DESCRIPTION OF SYMBOLS 1 Work feeding apparatus 2 Phase alignment apparatus 3 Work rotating apparatus 5 Chuck
12 Phase matching piece
15 cylinders
16 detector
18 Lower roller
27 Electric motor
33a Rack tooth profile
35 Rack shaft
36 racks

Claims (2)

A machining device for a shaft work (35) having a rack (36), which is a lathe of a hollow spindle having a chuck (5) at the tip, and machining the lathe through the hollow hole of the spindle by gripping the rear end of the work A workpiece feeding device (1) for feeding the workpiece into the area, and a workpiece rotating device (3) and a phase adjusting device (2) disposed between the workpiece feeding device and the lathe, and the workpiece rotation The apparatus includes a friction body (18) that rotates the workpiece around an axis, an electric motor (27) that rotates the friction body when the workpiece is supplied, and stops the detection by a detection signal of the detector (16) below, and the friction A phase adjusting piece (12) that is elastically pressed against the peripheral surface of the work that is rotationally driven by the work rotating device, and the phase adjusting piece.

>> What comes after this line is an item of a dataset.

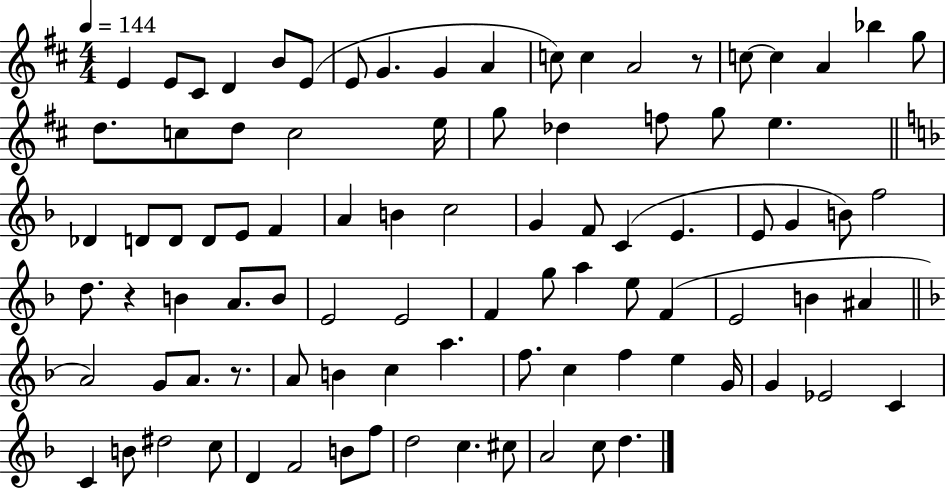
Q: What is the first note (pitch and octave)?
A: E4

Advancing / retreating device (15) and a detector (16) for detecting a predetermined advancing end of the phase matching piece And the chuck (5) of the lathe includes a gripping claw (30) having a rack tooth shape (33a) formed at the gripping end. The gripping claw (30) includes an outer peripheral gripping portion (30a) that grips the outer peripheral surface of the workpiece together with the rack tooth profile (33a) at the grip end, and the outer peripheral gripping portion of the rack tooth profile is in contact with the outer peripheral surface of the workpiece. 2. The rack shaft machining apparatus according to claim 1, wherein the rack shaft machining device is formed in a shape that sometimes leaves a gap of an allowable dimensional difference between the tooth surface of the work rack (36).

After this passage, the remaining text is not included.